What the exercise asks
The answer should reproduce every entry exactly and contain no images.

Dataset entries
▼

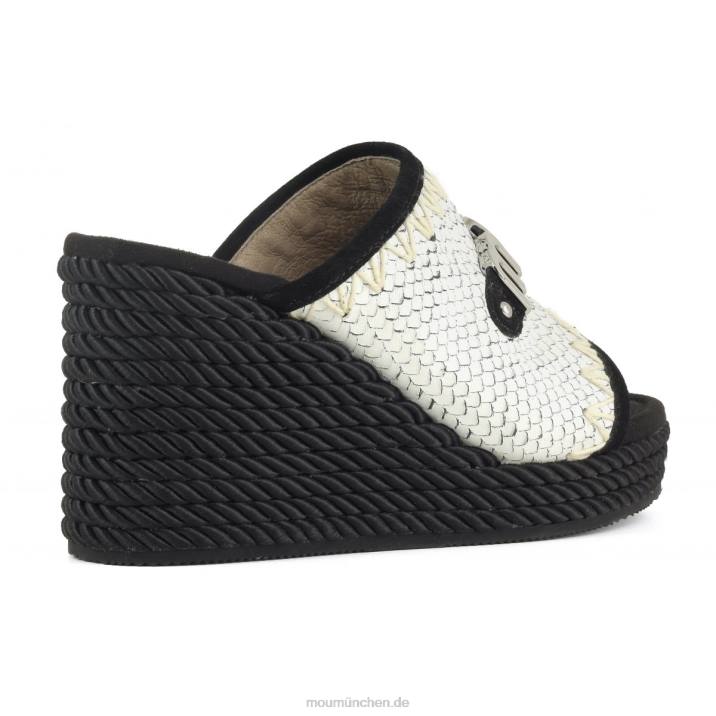 Seilkeil Frauen 0V6X206 Weiss Mou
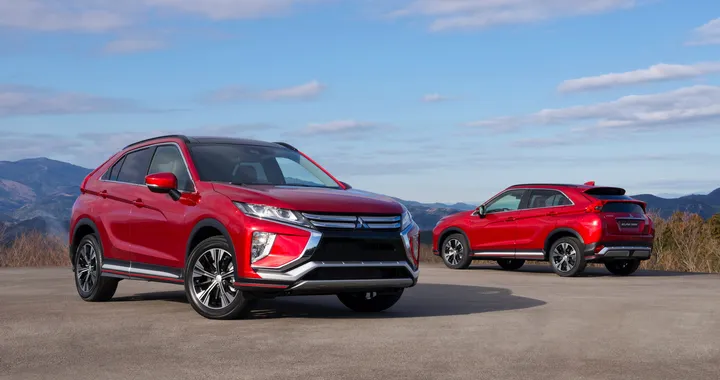Mitsubishi Eclipse Cross: le prime immagini ufficiali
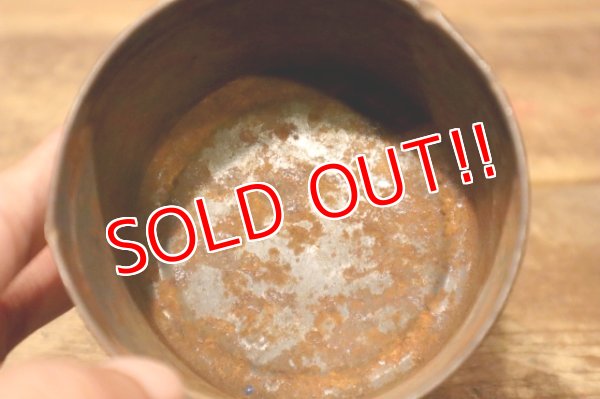 画像7: ct-240814-27 PLANTERS / MR.PEANUT 1950's Cocktail SALTED PEANUTS Can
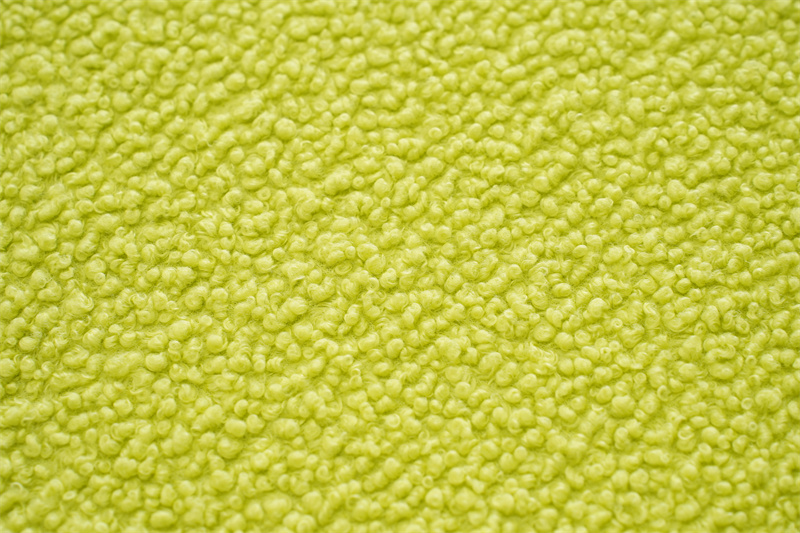 100% Polyester Plush Synthetic Teddy Upholstery Fabric For Making Soft Toys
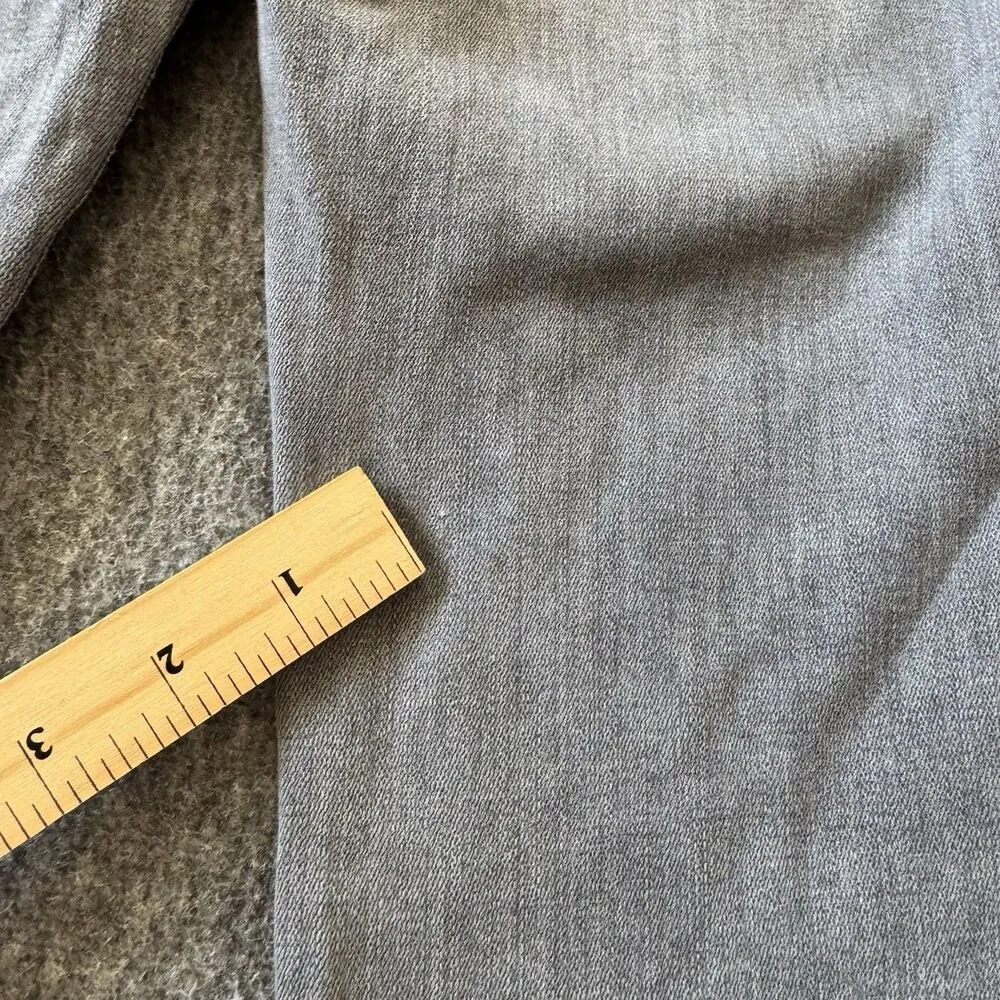 Frame Le High Straight Field Foil Tux Gray Womens Ankle Jeans Sz 27 Cotton Blend - Image 10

▲

Problem solution
 Seilkeil Frauen 0V6X206 Weiss Mou
Mitsubishi Eclipse Cross: le prime immagini ufficiali
 画像7: ct-240814-27 PLANTERS / MR.PEANUT 1950's Cocktail SALTED PEANUTS Can
 100% Polyester Plush Synthetic Teddy Upholstery Fabric For Making Soft Toys
 Frame Le High Straight Field Foil Tux Gray Womens Ankle Jeans Sz 27 Cotton Blend - Image 10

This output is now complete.